BGH, Beschluss vom 4. Februar 2015 - III ZR 513/13 - OLG
Frankfurt am Main, LG Gießen
in dem Rechtsstreit
Der III. Zivilsenat des Bundesgerichtshofs hat am 4. Februar
2015 durch den Vizepräsidenten Schlick und die Richter Dr. Herrmann, Wöstmann, Seiters und Reiter
beschlossen:
Die Beschwerden der Beklagten gegen die Nichtzulassung der
Revision in dem Beschluss des 19. Zivilsenats des Oberlandesgerichts Frankfurt
am Main vom 14. Oktober 2013 - 19 U 163/13 -werden zurückgewiesen.

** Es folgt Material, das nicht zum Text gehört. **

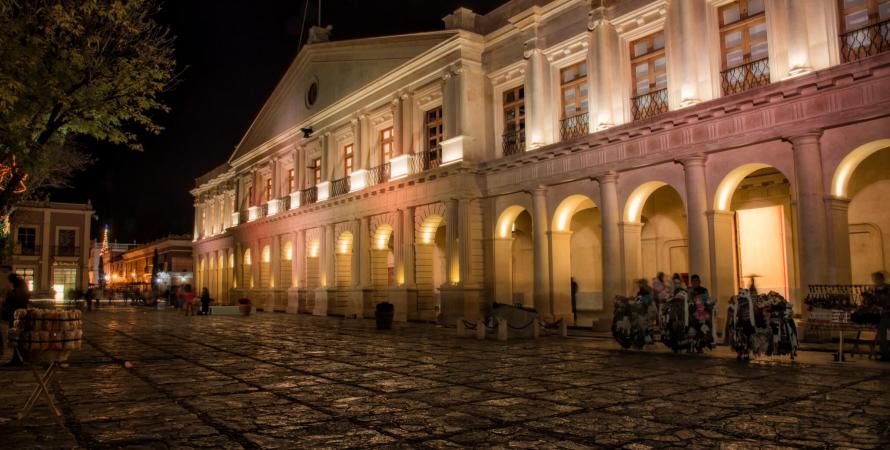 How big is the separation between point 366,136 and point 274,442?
68.9ft

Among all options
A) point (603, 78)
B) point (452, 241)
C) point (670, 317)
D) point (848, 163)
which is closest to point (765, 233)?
point (848, 163)

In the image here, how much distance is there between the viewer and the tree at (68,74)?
9672 mm

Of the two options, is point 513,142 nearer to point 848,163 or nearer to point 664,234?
point 664,234

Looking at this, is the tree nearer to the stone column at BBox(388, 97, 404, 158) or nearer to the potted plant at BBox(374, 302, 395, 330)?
the potted plant at BBox(374, 302, 395, 330)

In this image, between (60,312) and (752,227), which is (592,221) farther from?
(60,312)

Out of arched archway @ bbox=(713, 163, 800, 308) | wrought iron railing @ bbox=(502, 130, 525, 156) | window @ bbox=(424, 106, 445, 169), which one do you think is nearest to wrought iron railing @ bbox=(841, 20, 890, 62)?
arched archway @ bbox=(713, 163, 800, 308)

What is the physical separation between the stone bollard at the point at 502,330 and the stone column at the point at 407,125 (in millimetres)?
10055

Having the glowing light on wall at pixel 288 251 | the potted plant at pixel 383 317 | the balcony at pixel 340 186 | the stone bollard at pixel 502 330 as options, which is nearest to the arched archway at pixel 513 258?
the potted plant at pixel 383 317

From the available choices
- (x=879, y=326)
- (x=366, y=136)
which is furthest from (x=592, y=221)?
(x=879, y=326)

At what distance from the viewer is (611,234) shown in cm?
1617

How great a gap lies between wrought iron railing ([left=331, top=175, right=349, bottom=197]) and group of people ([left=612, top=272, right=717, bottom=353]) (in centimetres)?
1605

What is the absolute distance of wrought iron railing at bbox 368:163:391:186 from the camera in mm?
24031

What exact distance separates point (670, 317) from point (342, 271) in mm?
17606

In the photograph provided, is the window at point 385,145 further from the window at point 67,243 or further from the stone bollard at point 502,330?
the window at point 67,243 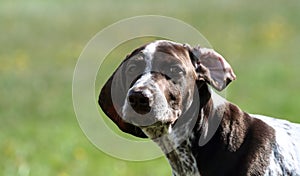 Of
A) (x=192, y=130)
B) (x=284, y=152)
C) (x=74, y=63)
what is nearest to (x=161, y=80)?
(x=192, y=130)

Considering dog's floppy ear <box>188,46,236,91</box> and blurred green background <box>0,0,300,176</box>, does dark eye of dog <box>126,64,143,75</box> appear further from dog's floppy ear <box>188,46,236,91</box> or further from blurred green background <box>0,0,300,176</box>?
blurred green background <box>0,0,300,176</box>

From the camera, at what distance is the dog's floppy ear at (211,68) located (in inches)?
264

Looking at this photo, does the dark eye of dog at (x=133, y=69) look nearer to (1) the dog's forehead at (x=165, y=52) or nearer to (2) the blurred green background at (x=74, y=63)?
(1) the dog's forehead at (x=165, y=52)

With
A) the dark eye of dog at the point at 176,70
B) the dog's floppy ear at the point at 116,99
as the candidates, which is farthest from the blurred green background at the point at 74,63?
the dark eye of dog at the point at 176,70

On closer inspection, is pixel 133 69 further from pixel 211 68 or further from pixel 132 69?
pixel 211 68

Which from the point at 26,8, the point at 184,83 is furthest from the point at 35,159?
the point at 26,8

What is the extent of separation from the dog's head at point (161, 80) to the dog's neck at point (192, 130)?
0.10 meters

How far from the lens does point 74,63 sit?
64.0 ft

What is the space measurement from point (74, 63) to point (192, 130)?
12.7m

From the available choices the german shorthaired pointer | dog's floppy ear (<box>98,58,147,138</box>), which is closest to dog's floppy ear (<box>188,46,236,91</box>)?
the german shorthaired pointer

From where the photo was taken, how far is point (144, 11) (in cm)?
2548

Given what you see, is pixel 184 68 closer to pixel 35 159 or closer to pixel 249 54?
pixel 35 159

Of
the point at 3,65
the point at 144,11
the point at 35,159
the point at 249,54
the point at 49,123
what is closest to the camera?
the point at 35,159

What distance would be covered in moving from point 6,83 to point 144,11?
885 centimetres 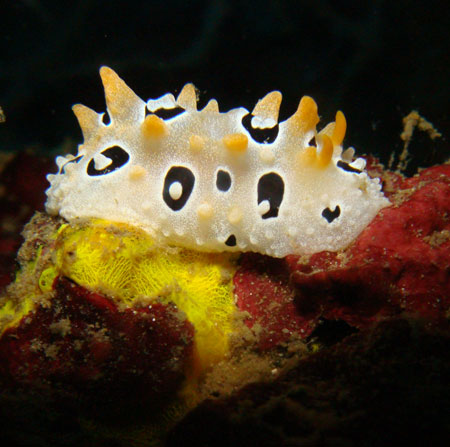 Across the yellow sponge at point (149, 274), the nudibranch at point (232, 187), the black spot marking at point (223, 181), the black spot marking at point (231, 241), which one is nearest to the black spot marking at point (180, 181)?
the nudibranch at point (232, 187)

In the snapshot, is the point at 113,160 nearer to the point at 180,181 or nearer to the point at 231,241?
the point at 180,181

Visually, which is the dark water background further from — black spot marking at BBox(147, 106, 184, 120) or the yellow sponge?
the yellow sponge

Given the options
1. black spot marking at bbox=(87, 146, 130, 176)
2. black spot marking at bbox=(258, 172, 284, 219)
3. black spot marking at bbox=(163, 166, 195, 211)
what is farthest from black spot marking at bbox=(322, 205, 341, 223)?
black spot marking at bbox=(87, 146, 130, 176)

Die Beklagten tragen die Kosten des Beschwerdeverfahrens (§
97 Abs. 1 ZPO).
Streitwert: 114.240 €
Gründe:
I.
1
Die Klägerin macht gegen die beiden Beklagten, eine
Kommanditgesellschaft und ihre Komplementärin, eine GmbH, als Gesamtschuldner
Zahlungsansprüche aus einem Maklervertrag sowie vorgerichtliche Anwaltskosten
geltend.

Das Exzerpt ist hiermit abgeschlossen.